Wherever a picture appears, skip it and retype the rest of the data exactly.

* _Dataset excerpt_

----------

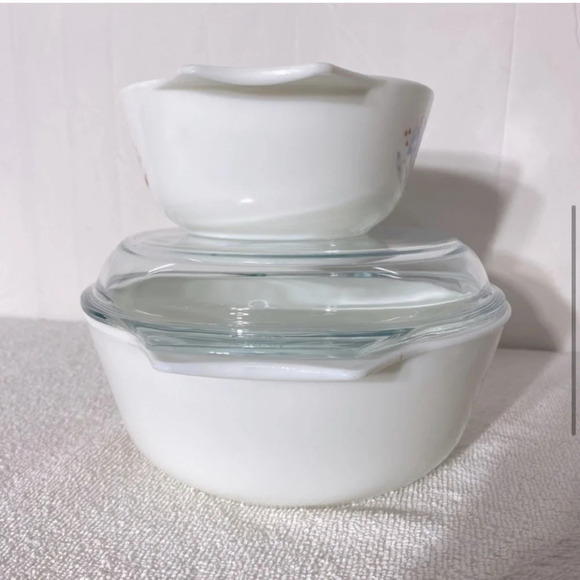 Vintage England Pyrex Blue Iris Casserole Dishes X2 W  One Lid - Picture 5 of 16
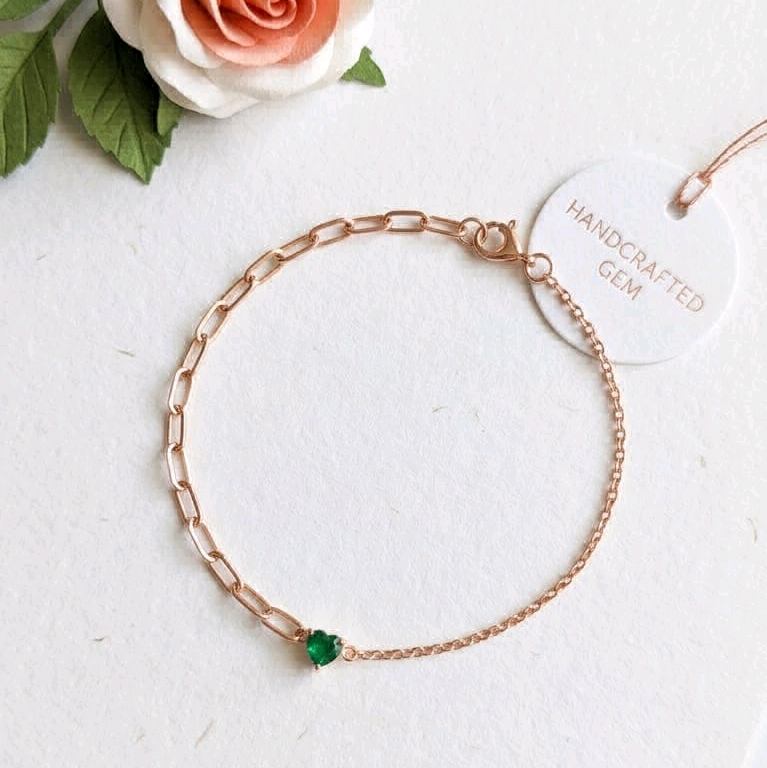 Green Square Cut Silver Bracelet 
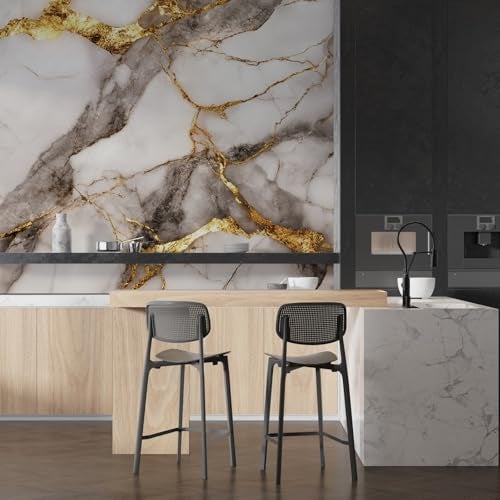 REXOTEX Marble Vinyl Contact Paper for Countertop – 60x200 CM Waterproof Peel & Stick Wallpaper, Self-Adhesive Granite Film for Kitchen, Bathroom, Furniture, Wall Renovation (Pack of 2) - Image 3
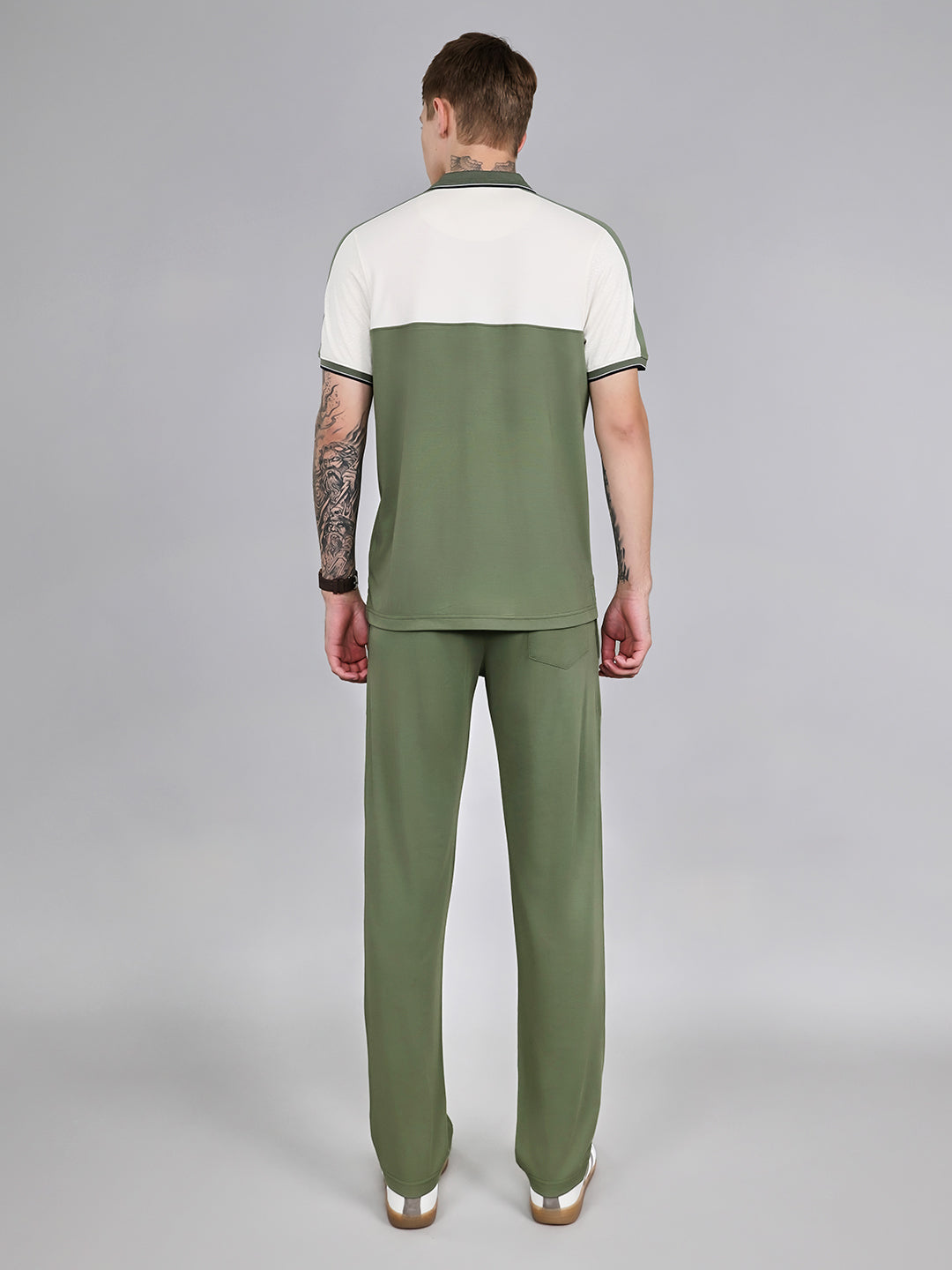 Men Green Solid Collar Half Sleeve Lower Set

----------

* _Answer space_
 Vintage England Pyrex Blue Iris Casserole Dishes X2 W  One Lid - Picture 5 of 16
 Green Square Cut Silver Bracelet 
 REXOTEX Marble Vinyl Contact Paper for Countertop – 60x200 CM Waterproof Peel & Stick Wallpaper, Self-Adhesive Granite Film for Kitchen, Bathroom, Furniture, Wall Renovation (Pack of 2) - Image 3
 Men Green Solid Collar Half Sleeve Lower Set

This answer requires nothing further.